▶ **EXERCISE INSTRUCTIONS**: Set down, in full, every record in the block.

▶ **Data records**:
- - - - - - -

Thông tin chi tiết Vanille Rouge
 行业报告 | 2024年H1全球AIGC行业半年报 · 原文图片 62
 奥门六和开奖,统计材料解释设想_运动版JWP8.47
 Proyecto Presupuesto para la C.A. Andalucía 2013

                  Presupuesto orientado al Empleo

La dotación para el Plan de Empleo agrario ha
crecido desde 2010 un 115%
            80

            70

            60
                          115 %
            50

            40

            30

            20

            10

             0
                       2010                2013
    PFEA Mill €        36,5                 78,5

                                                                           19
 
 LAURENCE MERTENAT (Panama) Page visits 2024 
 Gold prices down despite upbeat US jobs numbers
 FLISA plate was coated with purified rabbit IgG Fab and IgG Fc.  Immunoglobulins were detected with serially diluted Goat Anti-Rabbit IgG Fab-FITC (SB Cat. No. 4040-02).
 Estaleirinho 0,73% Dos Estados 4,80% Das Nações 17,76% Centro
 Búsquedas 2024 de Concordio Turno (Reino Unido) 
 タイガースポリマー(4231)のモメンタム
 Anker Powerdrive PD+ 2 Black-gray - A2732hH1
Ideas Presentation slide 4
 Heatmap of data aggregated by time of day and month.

- - - - - - -

▶ **OUTPUT FOR THIS EXERCISE**:
Thông tin chi tiết Vanille Rouge
 行业报告 | 2024年H1全球AIGC行业半年报 · 原文图片 62
 奥门六和开奖,统计材料解释设想_运动版JWP8.47
 Proyecto Presupuesto para la C.A. Andalucía 2013

                  Presupuesto orientado al Empleo

La dotación para el Plan de Empleo agrario ha
crecido desde 2010 un 115%
            80

            70

            60
                          115 %
            50

            40

            30

            20

            10

             0
                       2010                2013
    PFEA Mill €        36,5                 78,5

                                                                           19
 
 LAURENCE MERTENAT (Panama) Page visits 2024 
 Gold prices down despite upbeat US jobs numbers
 FLISA plate was coated with purified rabbit IgG Fab and IgG Fc.  Immunoglobulins were detected with serially diluted Goat Anti-Rabbit IgG Fab-FITC (SB Cat. No. 4040-02).
 Estaleirinho 0,73% Dos Estados 4,80% Das Nações 17,76% Centro
 Búsquedas 2024 de Concordio Turno (Reino Unido) 
 タイガースポリマー(4231)のモメンタム
 Anker Powerdrive PD+ 2 Black-gray - A2732hH1
Ideas Presentation slide 4
 Heatmap of data aggregated by time of day and month.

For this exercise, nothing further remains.